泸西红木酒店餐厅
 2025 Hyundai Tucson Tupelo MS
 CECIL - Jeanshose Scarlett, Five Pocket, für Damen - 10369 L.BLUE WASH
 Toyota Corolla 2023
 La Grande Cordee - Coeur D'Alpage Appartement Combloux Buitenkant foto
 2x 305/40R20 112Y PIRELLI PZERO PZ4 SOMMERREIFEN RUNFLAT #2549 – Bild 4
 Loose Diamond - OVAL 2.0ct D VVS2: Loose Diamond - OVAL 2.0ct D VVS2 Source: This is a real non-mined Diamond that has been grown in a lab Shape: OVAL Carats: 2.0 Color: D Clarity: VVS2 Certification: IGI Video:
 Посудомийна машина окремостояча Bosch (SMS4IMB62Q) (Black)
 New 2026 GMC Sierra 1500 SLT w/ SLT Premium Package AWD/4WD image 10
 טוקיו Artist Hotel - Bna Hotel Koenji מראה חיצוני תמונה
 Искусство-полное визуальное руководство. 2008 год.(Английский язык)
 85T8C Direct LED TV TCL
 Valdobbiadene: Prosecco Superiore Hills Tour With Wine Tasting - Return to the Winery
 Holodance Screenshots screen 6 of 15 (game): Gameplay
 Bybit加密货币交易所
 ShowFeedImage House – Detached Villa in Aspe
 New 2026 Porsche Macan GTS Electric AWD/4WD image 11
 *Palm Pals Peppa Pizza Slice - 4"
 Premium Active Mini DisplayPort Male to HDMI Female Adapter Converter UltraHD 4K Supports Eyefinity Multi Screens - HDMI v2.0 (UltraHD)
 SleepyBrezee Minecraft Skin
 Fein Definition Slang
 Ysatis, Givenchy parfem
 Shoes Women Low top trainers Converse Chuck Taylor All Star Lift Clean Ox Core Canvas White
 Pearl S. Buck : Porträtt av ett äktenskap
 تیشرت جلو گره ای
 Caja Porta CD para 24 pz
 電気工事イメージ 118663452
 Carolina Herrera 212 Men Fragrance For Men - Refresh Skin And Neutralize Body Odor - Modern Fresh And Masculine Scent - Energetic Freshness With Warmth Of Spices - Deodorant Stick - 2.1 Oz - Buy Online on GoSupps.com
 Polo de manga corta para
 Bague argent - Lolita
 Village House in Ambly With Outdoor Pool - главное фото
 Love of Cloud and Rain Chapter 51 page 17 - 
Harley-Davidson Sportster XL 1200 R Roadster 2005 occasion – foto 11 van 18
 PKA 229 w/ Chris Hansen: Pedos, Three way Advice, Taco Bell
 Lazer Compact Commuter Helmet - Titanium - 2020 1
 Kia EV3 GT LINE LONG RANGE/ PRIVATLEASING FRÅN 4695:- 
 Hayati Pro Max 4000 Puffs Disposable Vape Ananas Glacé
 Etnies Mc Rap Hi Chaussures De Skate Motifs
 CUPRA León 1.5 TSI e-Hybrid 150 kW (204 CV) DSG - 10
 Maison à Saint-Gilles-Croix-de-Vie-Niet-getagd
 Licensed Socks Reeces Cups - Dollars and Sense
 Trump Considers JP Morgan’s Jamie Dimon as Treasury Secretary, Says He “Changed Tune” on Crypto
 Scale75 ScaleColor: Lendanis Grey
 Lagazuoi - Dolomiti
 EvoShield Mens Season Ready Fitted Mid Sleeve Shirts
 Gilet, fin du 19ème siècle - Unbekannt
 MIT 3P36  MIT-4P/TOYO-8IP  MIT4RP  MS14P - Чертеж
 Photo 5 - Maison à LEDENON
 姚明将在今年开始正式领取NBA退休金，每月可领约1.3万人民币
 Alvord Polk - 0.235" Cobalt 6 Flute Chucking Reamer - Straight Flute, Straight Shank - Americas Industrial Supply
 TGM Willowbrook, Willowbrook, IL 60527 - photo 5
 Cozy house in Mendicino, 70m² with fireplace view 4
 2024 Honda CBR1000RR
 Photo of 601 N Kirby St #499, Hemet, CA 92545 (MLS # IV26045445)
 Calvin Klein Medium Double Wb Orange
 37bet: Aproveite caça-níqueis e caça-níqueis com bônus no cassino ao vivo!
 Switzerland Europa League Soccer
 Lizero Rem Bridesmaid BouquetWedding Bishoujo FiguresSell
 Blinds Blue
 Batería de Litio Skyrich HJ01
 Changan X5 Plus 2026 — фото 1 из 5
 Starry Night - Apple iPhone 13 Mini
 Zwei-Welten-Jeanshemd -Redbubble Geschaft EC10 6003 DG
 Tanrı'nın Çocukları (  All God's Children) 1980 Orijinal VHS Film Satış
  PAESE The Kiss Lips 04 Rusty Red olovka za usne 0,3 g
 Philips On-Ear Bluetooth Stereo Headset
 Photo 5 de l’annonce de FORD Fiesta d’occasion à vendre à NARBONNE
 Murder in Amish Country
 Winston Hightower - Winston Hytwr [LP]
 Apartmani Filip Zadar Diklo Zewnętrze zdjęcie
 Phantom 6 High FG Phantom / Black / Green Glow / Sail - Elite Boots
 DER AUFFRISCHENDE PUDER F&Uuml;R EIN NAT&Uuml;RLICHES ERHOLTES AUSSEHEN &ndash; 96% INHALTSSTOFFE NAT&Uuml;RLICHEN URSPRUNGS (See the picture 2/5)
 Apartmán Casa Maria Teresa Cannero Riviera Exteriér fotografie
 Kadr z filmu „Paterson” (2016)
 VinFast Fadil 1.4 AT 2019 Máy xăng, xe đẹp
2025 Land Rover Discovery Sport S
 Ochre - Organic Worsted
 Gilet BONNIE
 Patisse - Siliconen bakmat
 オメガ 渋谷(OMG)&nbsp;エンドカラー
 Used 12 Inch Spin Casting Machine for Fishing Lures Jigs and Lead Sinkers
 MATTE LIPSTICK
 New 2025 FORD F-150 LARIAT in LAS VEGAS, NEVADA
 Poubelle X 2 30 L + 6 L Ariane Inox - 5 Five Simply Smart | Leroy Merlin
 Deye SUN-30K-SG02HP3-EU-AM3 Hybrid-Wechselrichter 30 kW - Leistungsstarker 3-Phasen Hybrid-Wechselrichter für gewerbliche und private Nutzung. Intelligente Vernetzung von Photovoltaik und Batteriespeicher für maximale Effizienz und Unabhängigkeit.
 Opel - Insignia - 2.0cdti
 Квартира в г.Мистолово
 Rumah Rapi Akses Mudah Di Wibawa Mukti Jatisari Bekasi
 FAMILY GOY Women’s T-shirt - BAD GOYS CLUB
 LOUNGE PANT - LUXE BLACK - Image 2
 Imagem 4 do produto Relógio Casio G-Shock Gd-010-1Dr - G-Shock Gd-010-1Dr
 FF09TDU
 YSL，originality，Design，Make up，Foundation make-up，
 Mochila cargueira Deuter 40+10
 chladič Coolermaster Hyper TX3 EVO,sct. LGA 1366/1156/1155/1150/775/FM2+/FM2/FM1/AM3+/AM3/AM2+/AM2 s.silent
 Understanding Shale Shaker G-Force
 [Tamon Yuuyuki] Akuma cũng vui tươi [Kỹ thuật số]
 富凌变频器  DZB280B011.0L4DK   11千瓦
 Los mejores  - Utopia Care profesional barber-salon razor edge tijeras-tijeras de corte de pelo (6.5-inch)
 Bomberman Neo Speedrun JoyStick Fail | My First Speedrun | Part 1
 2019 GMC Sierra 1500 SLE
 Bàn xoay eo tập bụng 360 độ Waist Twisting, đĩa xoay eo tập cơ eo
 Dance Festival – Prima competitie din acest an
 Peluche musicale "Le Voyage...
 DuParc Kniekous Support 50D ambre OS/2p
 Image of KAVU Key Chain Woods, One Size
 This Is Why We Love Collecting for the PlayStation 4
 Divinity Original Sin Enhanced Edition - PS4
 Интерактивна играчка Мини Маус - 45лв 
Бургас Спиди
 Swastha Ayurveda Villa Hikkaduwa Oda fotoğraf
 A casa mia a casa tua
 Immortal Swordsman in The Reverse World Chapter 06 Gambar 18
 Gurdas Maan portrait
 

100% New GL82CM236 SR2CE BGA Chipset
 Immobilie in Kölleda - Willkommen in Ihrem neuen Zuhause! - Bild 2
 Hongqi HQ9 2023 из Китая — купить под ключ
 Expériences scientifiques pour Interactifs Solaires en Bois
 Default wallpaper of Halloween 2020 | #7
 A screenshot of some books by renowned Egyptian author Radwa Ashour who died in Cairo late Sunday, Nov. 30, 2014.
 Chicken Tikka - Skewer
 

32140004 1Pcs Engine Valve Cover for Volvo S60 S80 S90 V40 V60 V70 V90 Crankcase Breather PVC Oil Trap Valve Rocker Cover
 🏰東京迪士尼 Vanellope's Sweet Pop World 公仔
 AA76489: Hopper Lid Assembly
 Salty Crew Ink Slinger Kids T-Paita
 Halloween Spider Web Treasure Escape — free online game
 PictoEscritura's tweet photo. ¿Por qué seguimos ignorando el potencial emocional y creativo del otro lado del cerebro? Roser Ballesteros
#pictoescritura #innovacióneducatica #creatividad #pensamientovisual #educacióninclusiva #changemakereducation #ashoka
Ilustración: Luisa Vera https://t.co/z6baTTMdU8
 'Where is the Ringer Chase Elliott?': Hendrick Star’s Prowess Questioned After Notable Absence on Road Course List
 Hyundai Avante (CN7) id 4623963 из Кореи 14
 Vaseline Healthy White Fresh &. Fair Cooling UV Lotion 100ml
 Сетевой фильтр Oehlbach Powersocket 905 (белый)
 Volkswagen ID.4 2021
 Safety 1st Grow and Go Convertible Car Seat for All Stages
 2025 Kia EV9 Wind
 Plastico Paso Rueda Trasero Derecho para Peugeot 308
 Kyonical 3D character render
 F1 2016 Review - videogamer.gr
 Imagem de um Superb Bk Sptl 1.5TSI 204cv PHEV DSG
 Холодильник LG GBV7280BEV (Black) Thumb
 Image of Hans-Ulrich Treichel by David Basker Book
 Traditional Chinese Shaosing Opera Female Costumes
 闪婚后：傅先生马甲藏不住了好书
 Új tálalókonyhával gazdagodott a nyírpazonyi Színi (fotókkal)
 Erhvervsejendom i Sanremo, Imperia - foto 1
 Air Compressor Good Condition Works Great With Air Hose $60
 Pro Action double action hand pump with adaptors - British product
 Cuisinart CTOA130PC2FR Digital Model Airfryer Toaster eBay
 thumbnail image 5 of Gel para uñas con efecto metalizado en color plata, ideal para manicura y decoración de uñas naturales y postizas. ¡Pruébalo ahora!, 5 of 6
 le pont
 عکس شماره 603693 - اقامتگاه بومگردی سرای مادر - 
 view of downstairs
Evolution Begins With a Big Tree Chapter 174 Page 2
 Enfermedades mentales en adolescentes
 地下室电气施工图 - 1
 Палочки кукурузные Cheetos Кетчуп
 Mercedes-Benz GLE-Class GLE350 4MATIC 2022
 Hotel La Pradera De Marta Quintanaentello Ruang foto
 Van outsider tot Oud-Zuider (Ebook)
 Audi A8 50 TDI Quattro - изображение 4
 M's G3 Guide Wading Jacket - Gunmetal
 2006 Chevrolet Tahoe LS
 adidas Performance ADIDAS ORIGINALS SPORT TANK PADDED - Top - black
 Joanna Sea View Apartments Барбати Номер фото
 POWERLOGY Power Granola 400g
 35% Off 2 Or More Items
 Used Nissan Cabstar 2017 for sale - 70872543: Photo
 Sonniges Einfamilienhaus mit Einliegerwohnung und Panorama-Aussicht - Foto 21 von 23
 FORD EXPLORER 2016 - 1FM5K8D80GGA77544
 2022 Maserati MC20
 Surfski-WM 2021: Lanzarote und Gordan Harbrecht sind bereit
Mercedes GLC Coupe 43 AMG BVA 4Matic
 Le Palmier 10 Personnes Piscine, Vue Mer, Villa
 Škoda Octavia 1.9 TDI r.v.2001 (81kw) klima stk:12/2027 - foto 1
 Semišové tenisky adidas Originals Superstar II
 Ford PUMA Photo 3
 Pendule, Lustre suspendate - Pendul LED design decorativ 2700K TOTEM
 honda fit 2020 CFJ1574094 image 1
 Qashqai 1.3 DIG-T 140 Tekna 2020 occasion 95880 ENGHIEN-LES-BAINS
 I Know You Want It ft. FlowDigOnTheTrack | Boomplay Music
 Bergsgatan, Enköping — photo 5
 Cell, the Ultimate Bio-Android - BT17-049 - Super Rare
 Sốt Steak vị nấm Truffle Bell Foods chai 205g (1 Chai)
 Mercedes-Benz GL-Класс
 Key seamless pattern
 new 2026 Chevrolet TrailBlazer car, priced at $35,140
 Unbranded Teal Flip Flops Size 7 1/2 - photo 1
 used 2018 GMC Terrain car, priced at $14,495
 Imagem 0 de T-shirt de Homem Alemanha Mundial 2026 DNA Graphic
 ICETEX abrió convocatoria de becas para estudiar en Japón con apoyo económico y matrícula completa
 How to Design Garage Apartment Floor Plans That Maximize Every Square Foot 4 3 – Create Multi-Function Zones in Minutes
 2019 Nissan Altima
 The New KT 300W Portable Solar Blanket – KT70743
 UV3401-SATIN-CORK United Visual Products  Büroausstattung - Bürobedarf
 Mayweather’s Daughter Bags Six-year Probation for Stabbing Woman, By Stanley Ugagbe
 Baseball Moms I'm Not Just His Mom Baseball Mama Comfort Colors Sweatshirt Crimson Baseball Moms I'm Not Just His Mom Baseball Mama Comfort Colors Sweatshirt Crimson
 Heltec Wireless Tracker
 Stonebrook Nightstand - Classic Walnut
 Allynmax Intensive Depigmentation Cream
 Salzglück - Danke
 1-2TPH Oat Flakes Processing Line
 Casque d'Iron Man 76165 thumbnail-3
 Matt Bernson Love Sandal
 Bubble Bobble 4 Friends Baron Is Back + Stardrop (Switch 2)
+++
Give back, exactly as written, the stretch from the line with "Сетевой фильтр Oehlbach" through the line with "F1 2016 Review - videogamer.gr", and no other lines from the records above.

 Сетевой фильтр Oehlbach Powersocket 905 (белый)
 Volkswagen ID.4 2021
 Safety 1st Grow and Go Convertible Car Seat for All Stages
 2025 Kia EV9 Wind
 Plastico Paso Rueda Trasero Derecho para Peugeot 308
 Kyonical 3D character render
 F1 2016 Review - videogamer.gr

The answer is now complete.